Cliches in and of themselves aren't bad. The problem is when people use a cliche instead of using their brains.

I feel this bears posting. This list was written by Sytel of the Bob and George forums and posted in another thread about cliches... and I do love this list. Smile

Sytel's List of Things Unlikely to Happen in Movies

There will be an arranged marriage, and both parties will be OK with it (not necessarily enthusiastic, but OK) and treat it as the normal and accepted way things are done.

The hero will be a woman in some place/time/culture where women are routinely considered as delicate or less important than men, and while she will do whatever heroic things the plot requires of her, she will not question the patriarchial attitudes of her culture, because obviously the culture wouldn't stay that way if people routinely disagreed with it.

Warlike, barbaric aliens will land on Earth and be awed and enlightened by humanity's relatively peaceful culture.

Sentient robots will spontaneously proclaim themselves inferior to humans, and proceed to exterminate themselves.

Sentient robots will spontaneously proclaim themselves superior to squirrels, and proceed to exterminate squirrels. They will not form any opinions on humanity as a whole.
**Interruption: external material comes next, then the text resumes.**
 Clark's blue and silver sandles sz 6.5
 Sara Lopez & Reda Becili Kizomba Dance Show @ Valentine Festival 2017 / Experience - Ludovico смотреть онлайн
A bomb will feature neither a red wire nor a blinking timer display.

A legend of a mysterious creature wandering the back hills at night will turn out to be just that: a legend.

Outsiders go to a small town to investigate a legend of a mysterious creature that the locals claim to have seen sometimes. After a month of investigation, they know a lot more about small-town life, but they haven't seen the creature, since even people who have lived in the area their whole lives have only seen it once or twice, so what are the chances of a couple of outsiders seeing it in just a month?

A cute animal appears, and may even have a major role in the plot, but it is never placed in jeopardy or otherwise used to manipulate viewers' emotions.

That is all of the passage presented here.